In a tournament that felt closer to a weekend scramble than a PGA Tour event, the Black Desert Championship turned golf’s elite into amateurs, with lost balls, rulings galore, and players scrambling through lava rock-strewn roughs. The rugged Utah course pushed pros to the edge, with a staggering 201 official rulings across four rounds, thanks to the unforgiving lava fields that swallowed balls at every turn. By comparison, the 2024 Valero Texas Open needed just 60 rulings across its entire weekend.
While some players found humor in the chaos, Matt McCarty made the best of it, managing to snag the win, aided by a lucky free drop from an unplayable lie on Saturday. For McCarty, accuracy ruled the day as he ranked in the top 10 across Strokes Gained metrics, cementing the notion that this wasn’t a course for the bomb-and-gouge strategy. Fans watching loved the shake-up, as lava rocks and desert flora became part of the spectacle. Social media chimed in with glee, with comments like, “Can’t gouge it out of lava rock and make birdie,” and “This is the carnage we want!” echoing the satisfaction of seeing pros struggle with “real golf.”

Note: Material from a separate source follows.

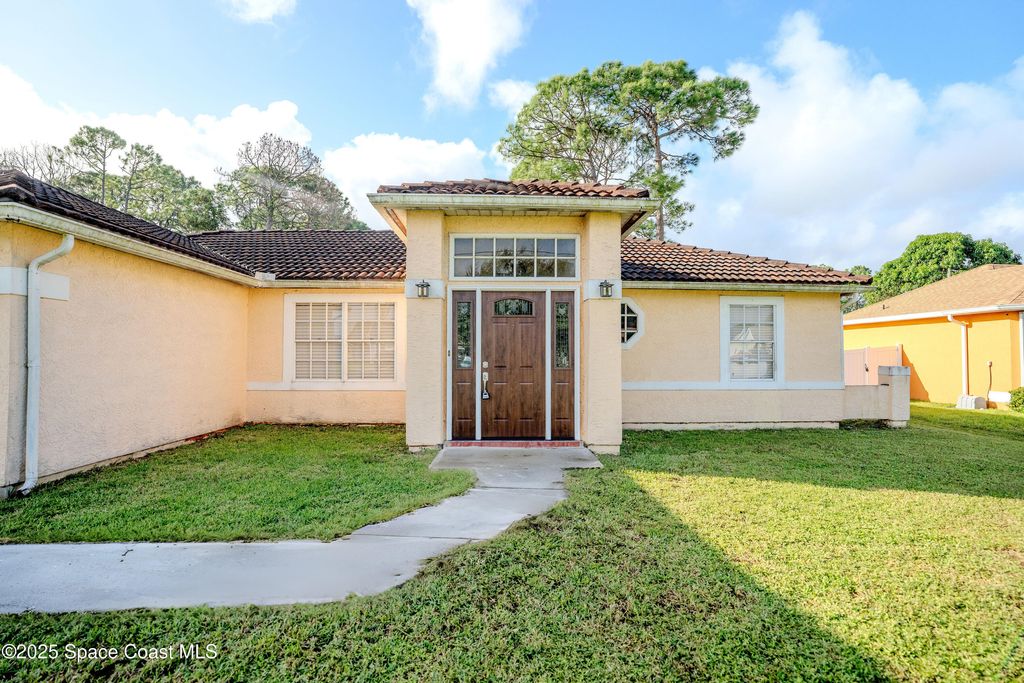 Photo of 42 Emerson Drive NW, Palm Bay, FL 32907 (MLS # 1059289)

One fan joked, “Boohoo… I lost my ball… welcome to regular golf like the rest of us.” Another noted the change in landscape, “Same with cacti and rattlesnakes… you just sacrifice your ball to the golf gods.” This rugged course took an average PGA Tour event to new extremes, where big hitters didn’t hold the edge. Only one of the five longest drivers made it into the top 15, while accuracy experts soared to the top of the leaderboard.

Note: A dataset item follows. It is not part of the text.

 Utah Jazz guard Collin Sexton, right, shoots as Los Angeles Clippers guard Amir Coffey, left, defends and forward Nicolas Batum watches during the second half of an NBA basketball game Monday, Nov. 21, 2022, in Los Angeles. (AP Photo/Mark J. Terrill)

While critics wonder if the PGA will return to this desert terrain, fans left with stories and laughs about a tournament where shot precision, not power, was king. Patrick Fishburn captured it best, saying, “It’s a great design. Rewards a good shot and punishes a bad one.” For golf fans, the Black Desert Championship was a welcome dose of “regular” golf madness that they’ll be talking about for years to come.